Although game streaming is Twitch’s mainstay, users aren’t just there for games anymore. Now there are channels for cooking; channels for creative pursuits like sculpting, jewelry-making and writing; channels for cosplay; channels for body art. There are even channels for social eating.
“Any experience is streamable,” Simpson-Bint said. “We’ve found that if we allow it, people will do it. For a long time, our terms of service only allowed people to broadcast games content. But we’ve relaxed that a little here and there, and every time we do, the audience embraces it.”
But ad buyers also need to embrace that content – content that doesn’t always scream “brand-safe,” although that’s not a big concern for the game and movie studio advertisers, or for edgier brands like Doritos and Old Spice that form the backbone of Twitter’s advertiser base.
Thinking Outside The Box
Video ads are Twitch’s bread and butter, including pre- and mid-roll (it also runs a limited assortment of IAB standard display units). But advertisers see the best results when they do something that’s crafted specifically for the Twitch community, said Simpson-Bint, who noted that the majority of Twitch’s ad revenue comes from custom campaigns and custom solutions.
A good example is USA Network, which partnered with Twitch in 2015 to launch the first season of its cyber-thriller TV series, Mr. Robot.
First, USA Network “hacked” into Twitch’s livestream of the Electronic Entertainment Expo, the video game industry’s largest trade fair, with mysterious messages teasing the show and the existence of a fictional hacking society whose stated mission was to erase more than $100,000 in consumer debt, which resonated with the Mr. Robot story line. Over the next 72 hours, Twitch users who watched a livestream of the hackers’ activities could uncover codes redeemable for cash prizes.

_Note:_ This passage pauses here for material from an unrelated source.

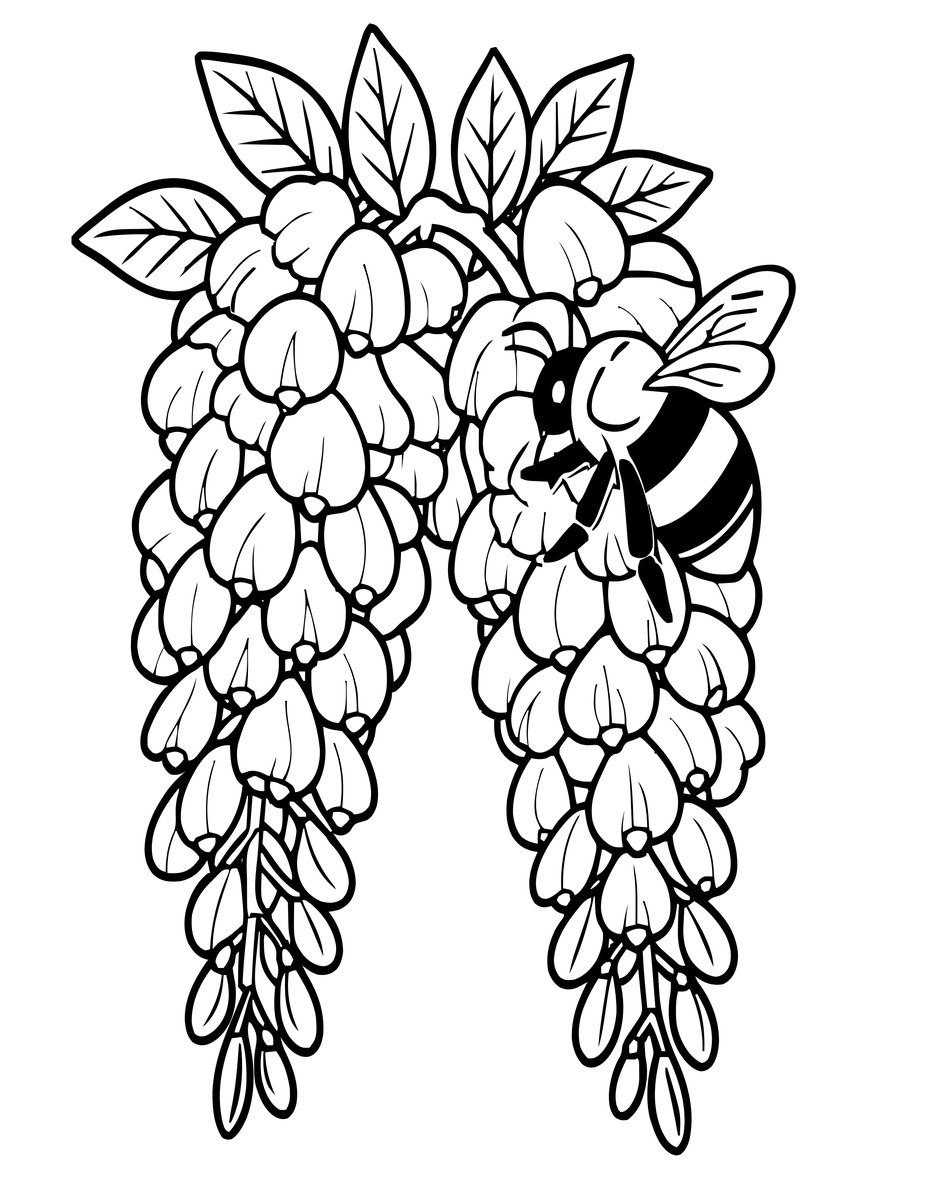 Bee Visitor - free printable coloring page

“In a way, we act as consultants to brands to help them develop something authentic, something participatory,” Simpson-Bint said.
And on the mobile front, Twitch is now finally building out its app business after years of being rooted in desktop.

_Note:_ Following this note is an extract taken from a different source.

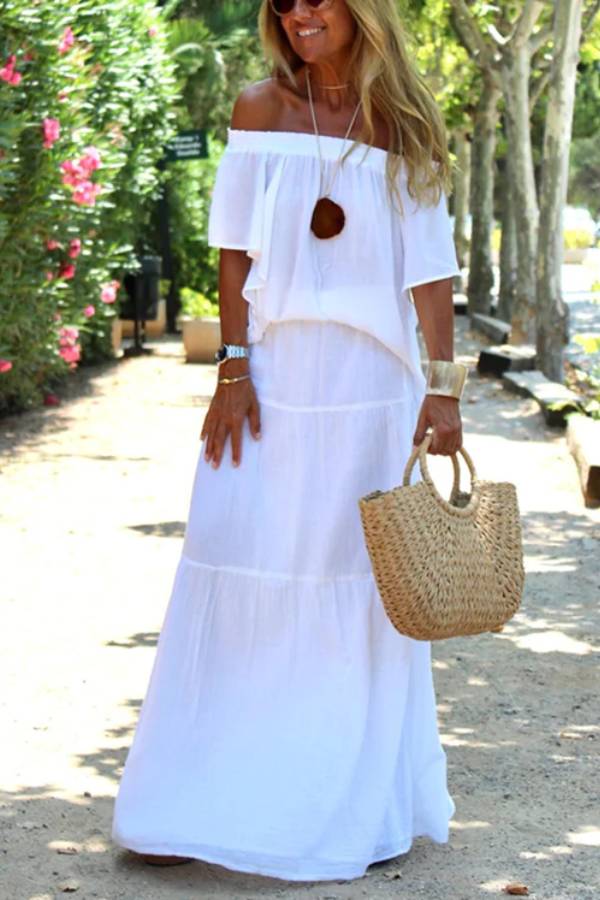 Amanda | Casual Off-Shoulder Beach Maxi Dress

The Twitch audience is particularly responsive to game installs, a rich source of monetization. Most mobile ads are sold on a cost-per-install basis to mobile game companies seeking downloads.
Twitch doesn’t disclose the size of its mobile audience, but Simpson-Brint describes it as a “significant portion.” The company now offers apps for iOS and Android as well as for console platforms PS4 and Xbox.
“It’s not about the platform to us as much as it’s about the experience that the broadcasters and viewers have,” Simpson-Bint said. “We just want them to have the best experience on every platform and to watch Twitch wherever they are, on whichever device is handy, whether that’s a giant TV, a laptop or an iPhone.”